都議会閉会「経済界ファースト」から 都民に寄り添う都政へ〈2024年4月7日号〉

予算案7会派42人が反対 小池都政の8年で最多に

 都議会第1回定例会は3月28日、最終本会議を開き、過去最大となる8兆4530億円の一般会計当初予算案を自民党、都民ファーストの会、公明党の賛成多数で可決し、閉会しました。小池百合子知事の2期目最後となる予算案は可決されたものの、3分の1を超える7会派42人が反対し、あと18人で賛否が逆転するという小池都政8年間で反対が最多となりました。

 一般会計予算案に反対したのは、日本共産党19人、立憲民主党15人、ミライ会議4人と、生活者ネット、グリーンな東京、自由を守る会、東京維新の会各1人の計42人。

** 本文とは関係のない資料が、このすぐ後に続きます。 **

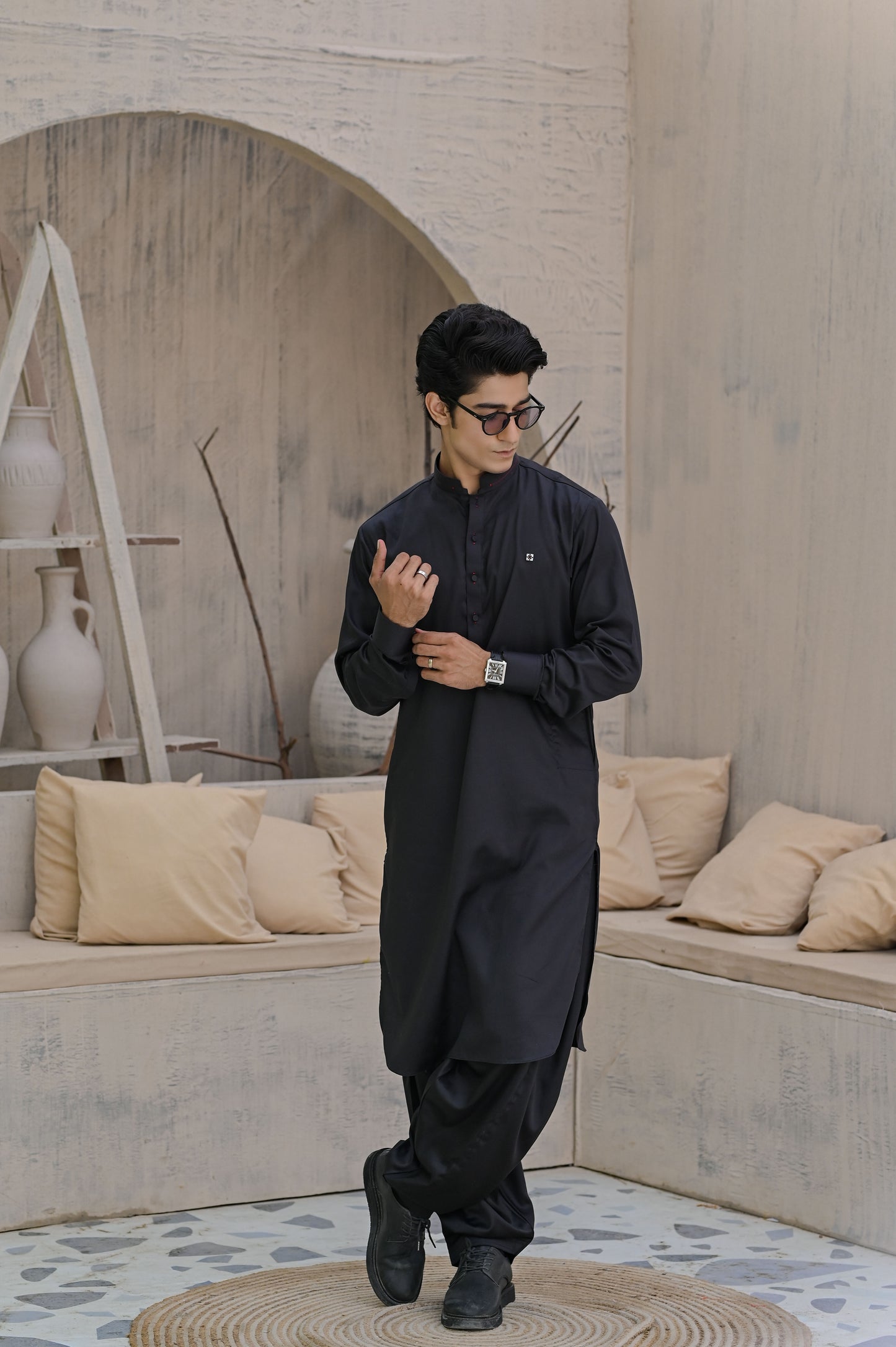 Raheel Qadir – Black Shalwar Kameez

一般会計予算案の採決で起立せず反対したのは7会派42人に上りました=3月28日、都議会

 採決に先立つ討論で、日本共産党の清水とし子都議は、「都民の声を聴かない、都民の暮らしに無関心、そして『経済界ファースト』という小池都政の姿が浮き彫りになった」と強調。「特徴は新年度予算案に表れている」として、わずかな年金で暮らす高齢者の暮らしを支える経済的支援も、高すぎる国民健康保険料の軽減策もなく、都営住宅の新規建設は25年間連続ゼロ、障害者福祉手当やひとり親家庭の児童育成手当は28年間で1円も上がっていないと指摘しました。

 一方、防災を口実に住民や商店街に追い出しを迫る特定整備路線事業には100倍の497億円を計上し、用地買収を強力に進める「機動取得推進課」を63人体制で立ち上げ、中小・小規模企業には冷たいのにスタートアップ(新興企業)支援には516億円を計上すると告発しました。

 さらに、経済界の要求に応える大型開発に巨額の税金を投入し、都庁舎に映像を投影するプロジェクションマッピングには今年度と来年度を合わせて48.5億円もの巨費を計上し、「無駄遣い」との批判を招いていると述べました。

 また、学校給食の無償化や補聴器購入費補助で多摩格差が生まれていることをあげ、「多摩格差ゼロ」を公約に掲げて知事になったのに「もはや見る影もない」と批判。「都が全額補助を行うことしか解決の道はない」と主張しました。

 清水都議は「きょうは坂本龍一さんの命日」だと紹介。外苑再開発で坂本龍一さんが最期に小池知事に宛てた手紙で「目の前の経済的利益のために、先人が100年をかけて守り育ててきた貴重な神宮の樹々を犠牲にすべきではない」と諭したことを重く受け止め、再開発中止を事業者に要請すべきだと訴えました。

 その上で「都民に冷たく『経済界ファースト』の小池都政を続けるわけにいかない。都民の声を聴き、都民に寄り添う知事を誕生させるために全力を尽くす」と表明しました。

樹木保全の請願 自・公・都が反対

 本会議では、神宮外苑再開発で146本のイチョウ並木など歴史的な樹木の確実な保全を求める請願、東京五輪・パラリンピックを巡る談合・汚職事件の検証を求める請願は7会派が採択に賛成しましたが、自民、公明、都ファの3会派が反対したために不採択となりました。

 また、日本共産党が提出した都立看護学校の授業料無償化条例は、共産党のほか3会派が賛成しましたが、反対多数で否決されました。